Posted by Paul Burman at 21:40
Friday, 12 August 2011
Monday, 8 August 2011
Have been listening to a fair bit of The Waifs recently. They've been a favourite Australian band of mine for many years, but I've been giving their CDs a renewed hammering of late. Songs I particularly like are The Haircut, Service Fee (both from Sink or Swim) and the slow version of Without You (from sundirtwater). Having painted those lighthouse steps recently (see second last post), thought this might be appropriate: Lighthouse.
Posted by Paul Burman at 14:53
Thursday, 4 August 2011
Some might say all's not well down at the Factory of the Imagination, on account of there having only been 5,000 words added to Number Three novel this month, instead of the 10,000 target (see previous post). And yet it feels as though I've written four times that amount ... at least. Honest guv.
Let me assure you, the cogs have not been idle; there's been no strikes, no working-to-rule nor go-slows in this factory. I've been labouring over a transition sequence from one main course of the story to the next, but it seems to have taken forever-and-a-day.
I was wondering how to explain this shortage of finished words, during a rare lunch break, and found myself wandering into the kitchen of the Works Canteen.
Cook was reducing a sauce, to serve with the day's speciality: Bœuf à la Métaphore. To make the sauce, the carcasses of ten Aberdeen Anguses (grazed on a diet of organic grain, stout and whiskey) had been boiled in several casks of red wine to form a vat of rich broth, which, over a period of three days, was being reduced to the amount of two and a half cups. Although I'm a vegetarian, and Cook likes to spit at me for this, I was assured that, so potently delicious is it, that a mere sniff of the finished sauce would instantly repair my damaged soul and convert me into a raging carnivore once more.

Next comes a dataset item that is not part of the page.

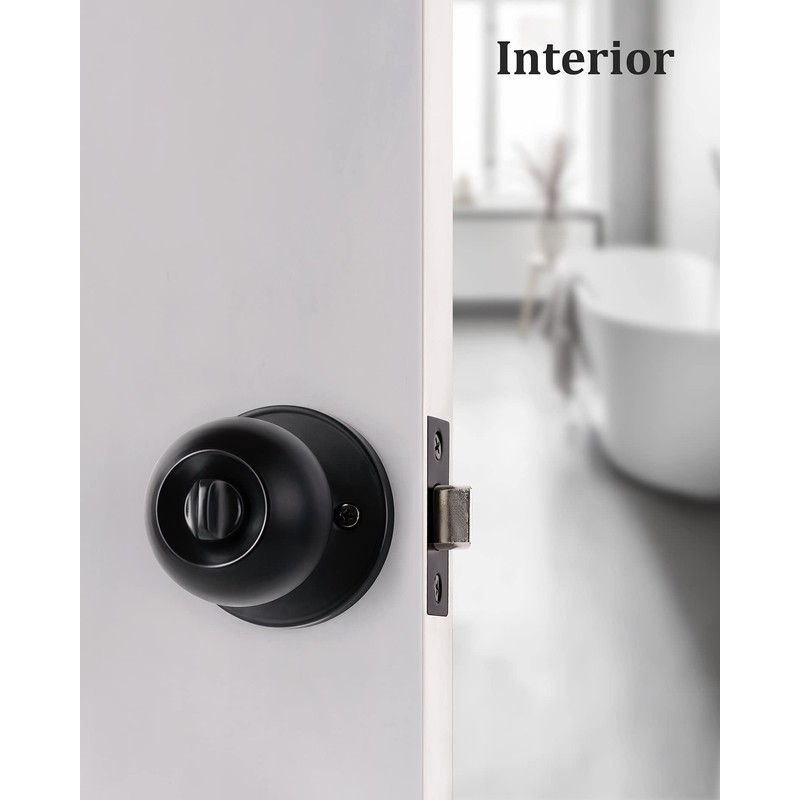 Lanwandeng Interior Door Knobs for Bedroom/Bathroom, Keyless Door Knob Interior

This, I realised, is what I'd been attempting to do with words across the last four weeks. I'd write a few hundred, and then reduce those to fifteen or twenty, and then, on the following day, I'd further reduce them to seven or eight. I'd struggle to dice in another couple of hundred words, but would then start stirring them around again, simmering over them, until only a thimbleful were left. And so on and so on. What feels like 40,000 words reduced to 5,000.
And there I have my excuse. My explanation. Surely I deserve a bonus, instead of getting my pay docked?
Burnt gravy, anyone?
Posted by Paul Burman at 20:17
Monday, 1 August 2011
This coming weekend sees another of my home town's Winter Weekend celebrations. Throughout the winter months, every year, Port Fairy hosts a number of events, except I've gone and got myself involved this time. I didn't mean to. It just sort of happened.
While you can see the range of events taking place for this culinary-inspired weekend here, I rashly agreed to participate in the Smorgasbord of Port Fairy Art exhibition - a mosaic of paintings, depicting fragmented scenes of the town, which will be the subject of a competition (guess the layout of the mosaic). Twenty local artists were invited to choose one of twenty photos as the basis for a small painting (40 x 30cm), which will then be arranged as a mosaic. The photos, as chosen by each artist, can be found with details of the competition here, but that's my photo above.
I must confess, this has caused me some angst and I would have destroyed my effort several times over if I hadn't made a commitment. It may have been significantly smaller than the piece I put together for this year's Biblio-Art Exhibition (and I blogged about that and my nod to Jeffery Smart right here), but I found this one considerably harder. Nonetheless, I learned a bit along the way and played around with different brush strokes, so, while I wouldn't hang it on my wall, I'm happy to pin it up here for the time-being.